Satya Nadella, Microsoft’s CEO since 2014, got deep and personal during an on stage interview at Vanity Fair’s New Establishment Summit Tuesday morning in Los Angeles.
He started by talking about his childhood—his parents’ approach to life (they had opposing philosophies about child-rearing) and his love for the game of cricket. Nadella then moved on to what he calls the “watershed moment” in his life: The birth of his son, Zain, who was born with cerebral palsy. The tech CEO was 29 at the time; both he and his wife were only children in their families.
“For multiple years, I struggled with what had happened,” Nadella told the audience. His preconceived ideas of what the birth of his first child would be like were “all out the window.” As time went by, though, Nadella says the experience taught him to have greater empathy—something that, surprisingly, he says is key to innovating in tech.
“Empathy make you a better innovator,” said Nadella. “If I look at the most successful products we [at Microsoft] have created, it comes with that ability to meet the unmet, unarticulated needs of customers.”
Many of the topics Nadella addressed in his on-stage interview are also subjects he explored in his recent book, Hit Refresh, a part-memoir, part-business story published last month.
Naturally, Nadella also spoke about Microsoft. But even when discussing the tech giant he runs, he got philosophical. “The question is, ‘what is Microsoft?'” said the CEO, who joined the company in 1992. After Microsoft succeeded in making its PCs ubiquitous, it had to answer the “existential” question of why it exists, said Nadella. And here is his answer: “We build technology so that others can build technology.”
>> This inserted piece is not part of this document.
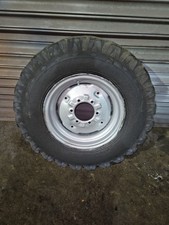 LEYLAND, FORD OR MASSEY FERGUSON TRACTOR FRONT SIX STUD WHEEL AND TYRE,7.50 x 16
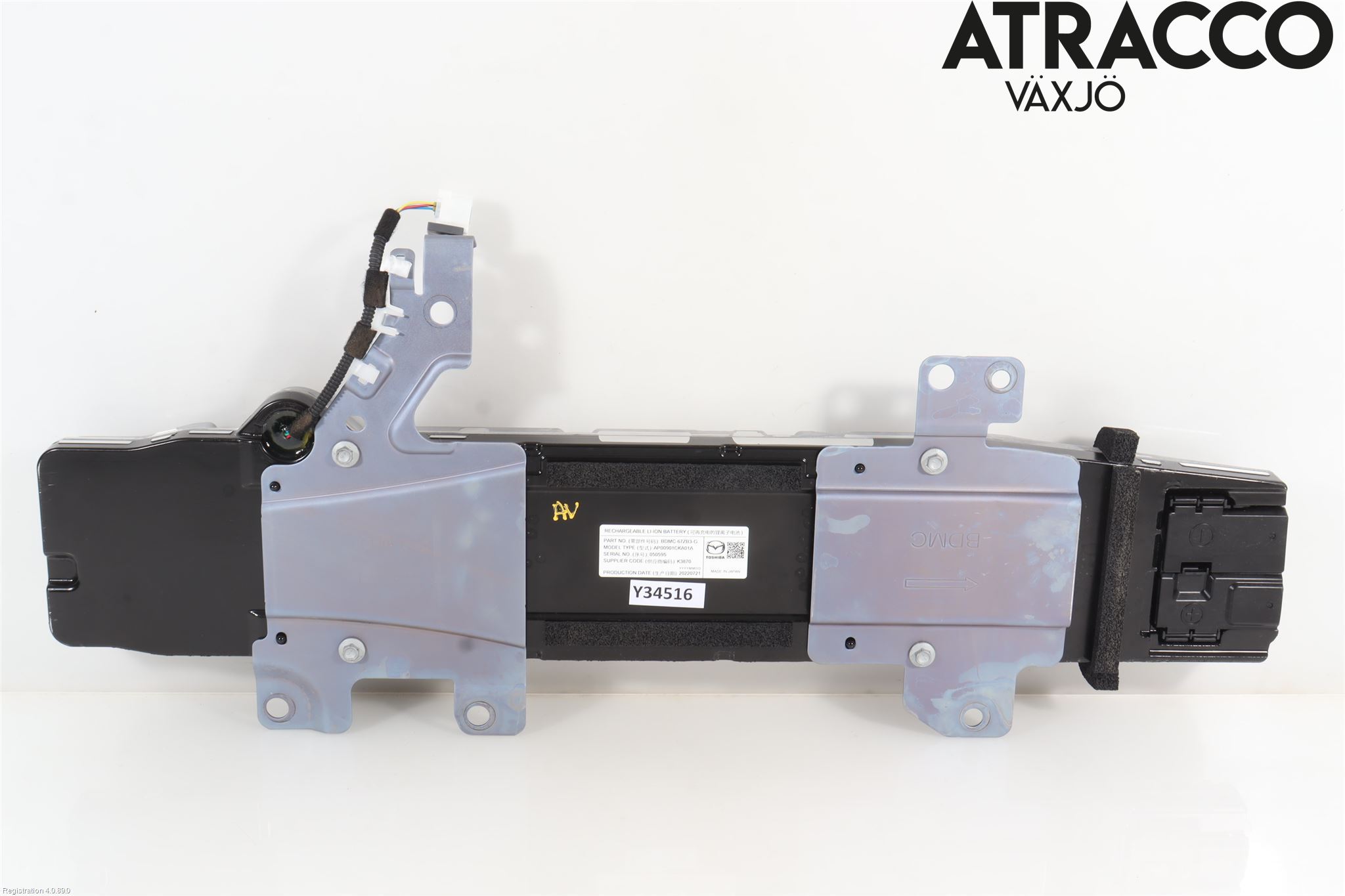 Mazda CX-30 20- Hybrid Batteri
Toward the end of the conversation, Nadella did get a little geeky—and, um, used an agricultural analogy. Asked what quantum computing really is, he answered: “One fascinating way to think about quantum is that if you had a corn maze and you were trying to trace your path. a classical computer would trace, retrace again and again and on and on. Quantum is the ultimate parallel machine. It would trace all of the paths simultaneously.”